What's your legal background?

You write of legal language often being used "not to clarify but to control." That would be, from most people's perspective, the definition of all legal language. Look at President Clinton's recent testimony: the epitome of evasion.

What are the problems and issues raised when you bring in a second language--in this case, Spanish? How does that complicate matters both in regards to poetry as law and law as poetry?

Speaking in Shakespeare's English.

You call it, I believe, "code-switching."

            "Does the prisoner understand his rights?"

            "¡P'al carajo!"

This is exactly how it happened. There are volumes spoken when the translator says "Yes." As in, yes, he understands his rights. His rights are carajo. His rights are worth nothing here. He is worth nothing here. For me, that made sense because for most Latinos, the legal system is just a series of mistranslations anyway. So what's the best way to convey that? Well, the best way to convey that is through the use of bilingualism. It's the most appropriate poetic tool for the moment.

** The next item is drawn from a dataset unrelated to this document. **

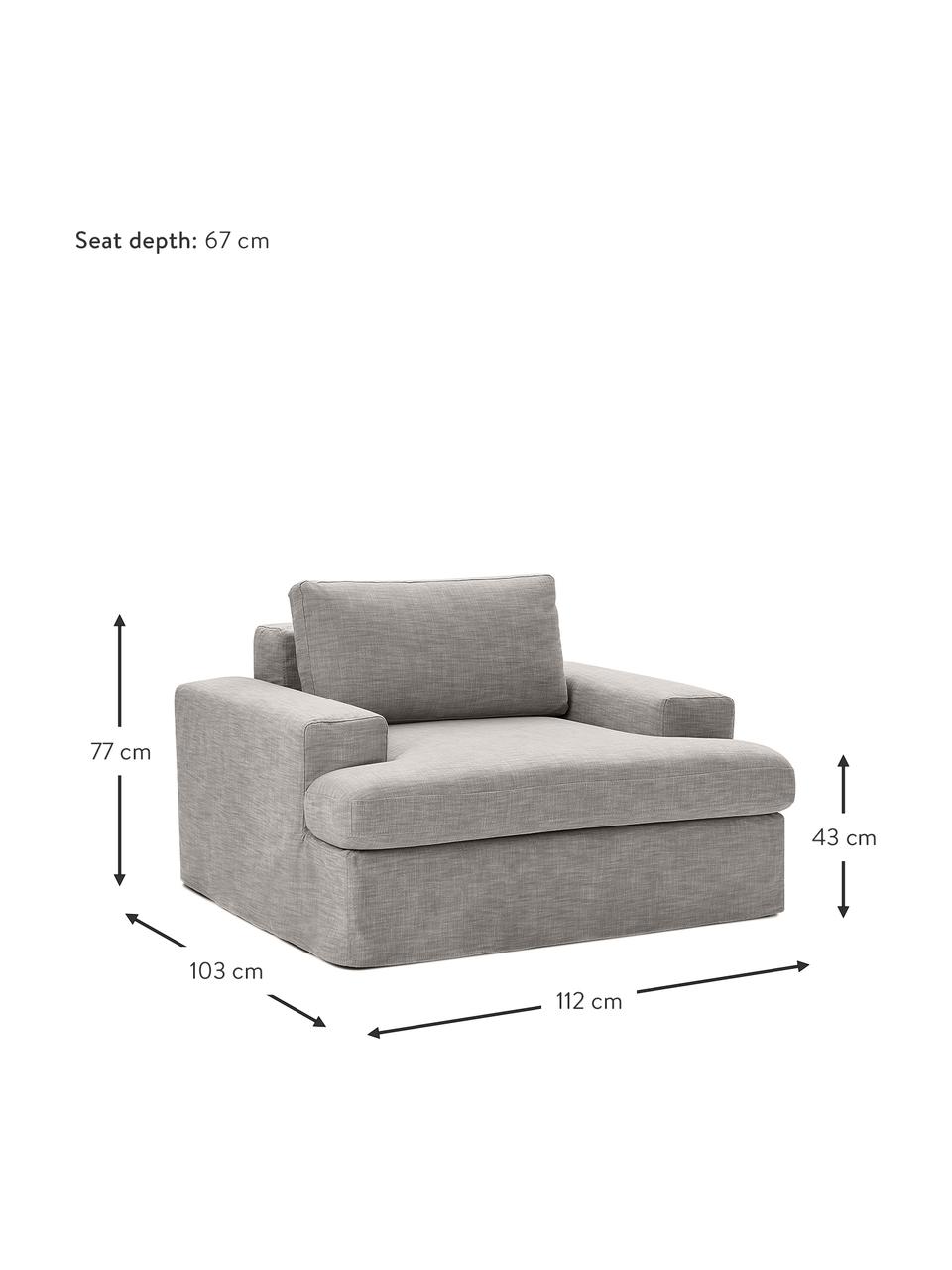 Sillón Russell, Tapizado: 100% algodón Alta resiste, Tapizado: relleno de espuma, Estructura: madera contrachapada de p, Patas: plástico, Tejido gris, An 103 x Al 77 cm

But I'm not just trying to provoke.

Obviously, the poetry and the politics overlap. But in essence, there are so many advantages to being able to use Spanish within the framework of the English language poem, that it would be self-defeating not to. You consider all the possibilities, what you can get in terms of humor, irony, music, authenticity, and intimacy. All those factors play into it.

Of course it's a false dichotomy. Why should there be a contradiction between diversity and quality? That's nonsensical. At another point in the essay, speaking of Shakespeare, I allude to the notion of Shakespeare vs. Swahili. Or even worse, Shakespeare in Swahili.

When the defenders of the status quo talk about what they're defending, they talk about Shakespeare. But they don't talk about the host of writers who we probably shouldn't be reading or shouldn't be reading that much. All those mediocrities out there that we read for years and years because they had the right cultural and racial makeup.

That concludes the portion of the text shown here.